А тогда, листая странички этой книжки, я прочел и оцепенел от счастья:
Поэзия – феномен и сверхлитературный и долитературный одновременно. Правила, законы, приемы и мода(ы) стихосложения «олитературивают» текст, усиливают его просодическую энергию, синтаксируют строфу, сочетают грамматику с фоникой и фоносемантикой, соединяют содержание и функциональность и, наконец, синтезируют всё это в вертикальную парадигму (ряд) смыслов. В этом шедевре есть все показатели поэзии невербальной: это естественные коды – «кванты поэзии». В сфере формальной поэтики самыми «заметными» и материально выраженными знаками поэзии являются звуковые / музыкальные / ритмические / грамматические (как знаки одновременно формальные и семантические) швы, рубцы, рубежи. В этом стихотворении такими очевидными квантами становятся следующие случаи / феномены:
1. В сфере дикции (звуковые стыки слов): «С той [стороны]… с той…». Предлог, соединяясь с указательным местоимением, являет окказиональную глагольную лексему в императивной форме «стой!» (воскл. знак – Ø, но он предощущается).

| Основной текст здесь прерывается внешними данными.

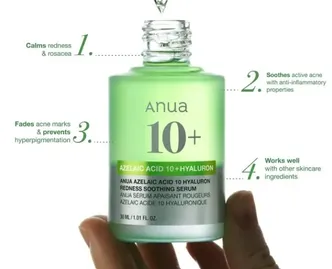 Anua - Azelaic Acid 10 Hyaluron Redness Soothing Serum (30ml)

2. В сфере интонации: повторы «с той – с той»; «дрУгой Узор»; «на мИг явИ»; «ВыВернУтой на ВетрУ»; «плАщ рАспАхнутый» и др.

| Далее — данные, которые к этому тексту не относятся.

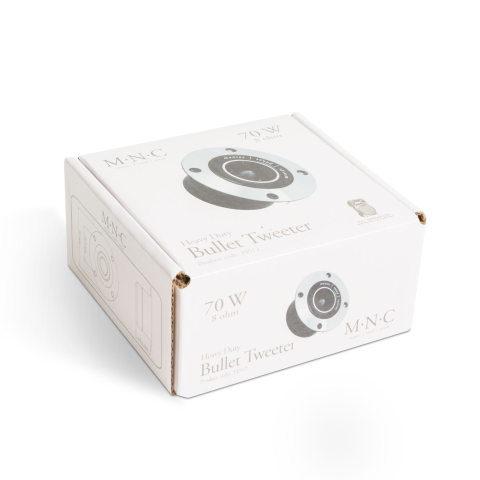 Tweeter Profesional M'N'C 33512 70W 8 Ohmi 2kHz-20kHz 100x40 mm [3]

3. В сфере ритма: обилие пиррихиев и два спондея в последней строфе, из которых сильнейший «вОлн, бьЮщихся».
4. В сфере музыкальности: обилие многосложных слов в шестистопном, новом, – Кушнеровском ямбе, – 24 трех- и более сложных слов! – из 50 полнозначных лексем. Плюс плавающая цезура и наличие в первых двух стихах прямого анжамбемана, который делает звучание не надломленным (как у иных), а производит «открытый перелом» музыкальной фразы, интенсифицирующий глубинный и эксплицированный смысл «тоска».